INFORMATION PROVIDED:
-- Opening Marker --

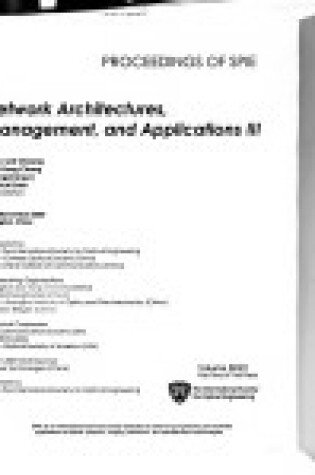 Cover of Network Architectures, Management, and Applications III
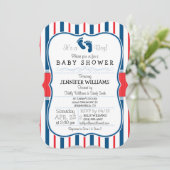 Invitation Baby shower de bandes rouge, blanc et bleu (Debout devant)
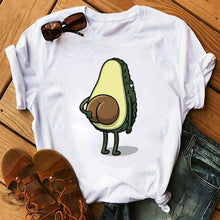 Load image into Gallery viewer, Kawaii Cartoon Avocado Short Sleeve T-shirt Women Casual Avocado Graphic Tops Female Tee Summer Women T-shirts Tops
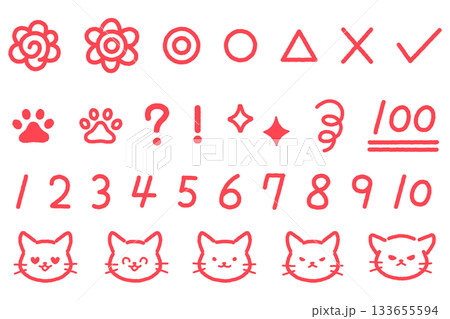 猫の表情と採点アイテムのイラストセット 133655594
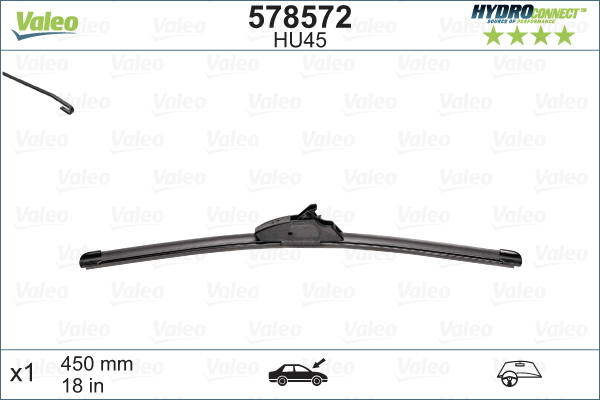 Щітка склоочисника БАСКАРКАСНИЙ HYDROCONNECT UPGRADE/450 MM/HU45 VALEO (578572) Valeo фото 2
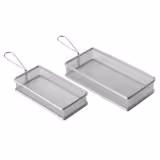 (6 db) Sültkrumpli tálaló kosár - SNACKHOLDER - rozsdamentes acél - szögletes - 260x130x50 mm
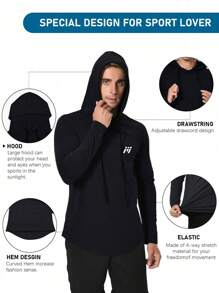 Running Boyfriend Style Men Raglan Sleeve Drawstring Hooded Sports Sweatshirt - Black - View 3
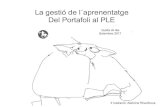 La gestió de l´aprenentatge Del Portafoli al PLE · PLE Diari d´aprenentatge Portafoli Motivació, atenció, voluntat i TIC. El Portafoli o la Carpeta d´aprenentatge. ... participació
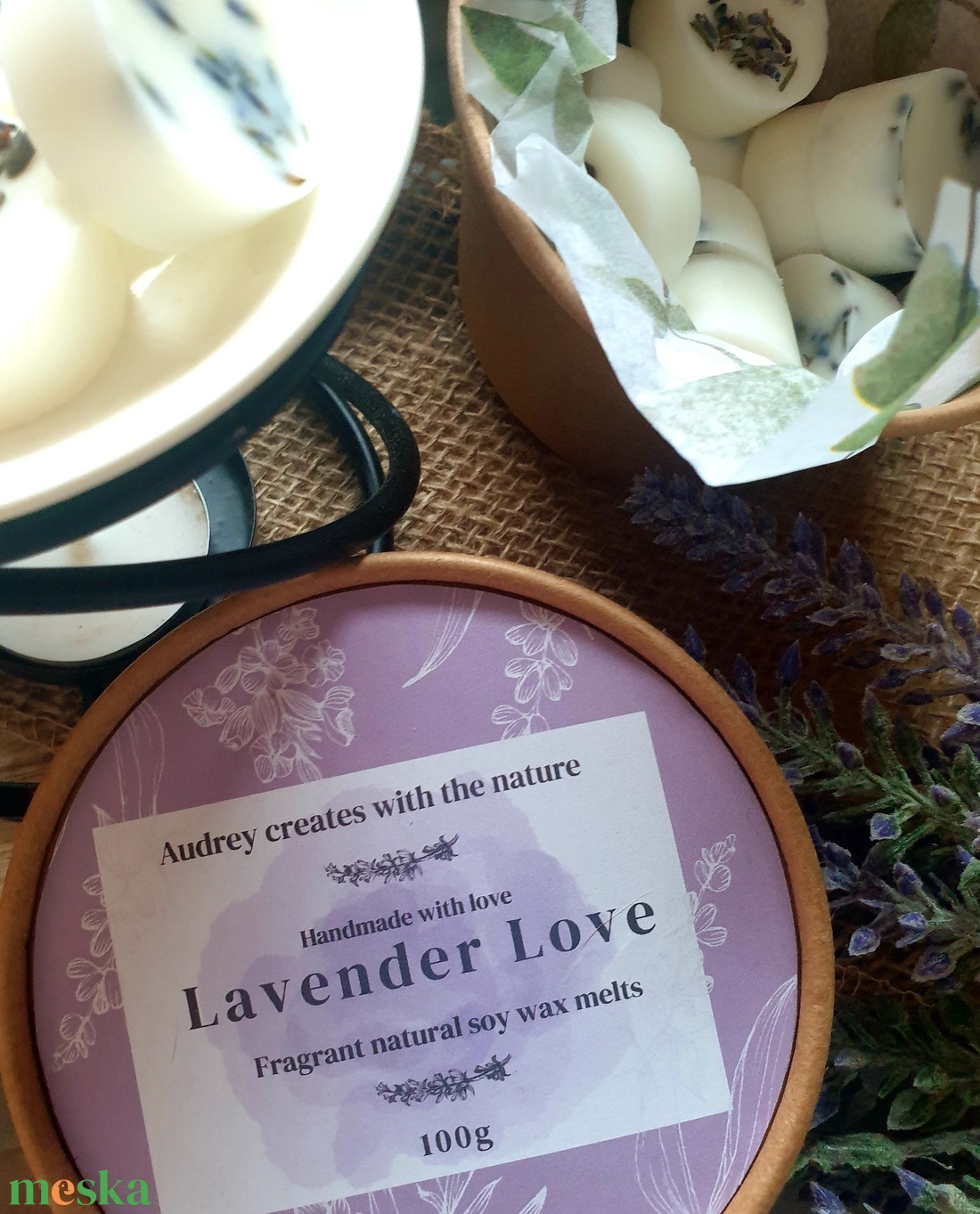 Illatviasz-Lavender Love 100g - otthon & életmód - gyertya, illat, aroma - illatviasz - Meska.hu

-- Closing Marker --

PROBLEM STATEMENT: Exactly as written above, retype the lines starting at the one holding "Load image into" and ending at the one holding "La gestió de", both included, but not the pictures.

ANSWER SPACE:
 Load image into Gallery viewer, Kawaii Cartoon Avocado Short Sleeve T-shirt Women Casual Avocado Graphic Tops Female Tee Summer Women T-shirts Tops
 猫の表情と採点アイテムのイラストセット 133655594
 Щітка склоочисника БАСКАРКАСНИЙ HYDROCONNECT UPGRADE/450 MM/HU45 VALEO (578572) Valeo фото 2
 (6 db) Sültkrumpli tálaló kosár - SNACKHOLDER - rozsdamentes acél - szögletes - 260x130x50 mm
 Running Boyfriend Style Men Raglan Sleeve Drawstring Hooded Sports Sweatshirt - Black - View 3
 La gestió de l´aprenentatge Del Portafoli al PLE · PLE Diari d´aprenentatge Portafoli Motivació, atenció, voluntat i TIC. El Portafoli o la Carpeta d´aprenentatge. ... participació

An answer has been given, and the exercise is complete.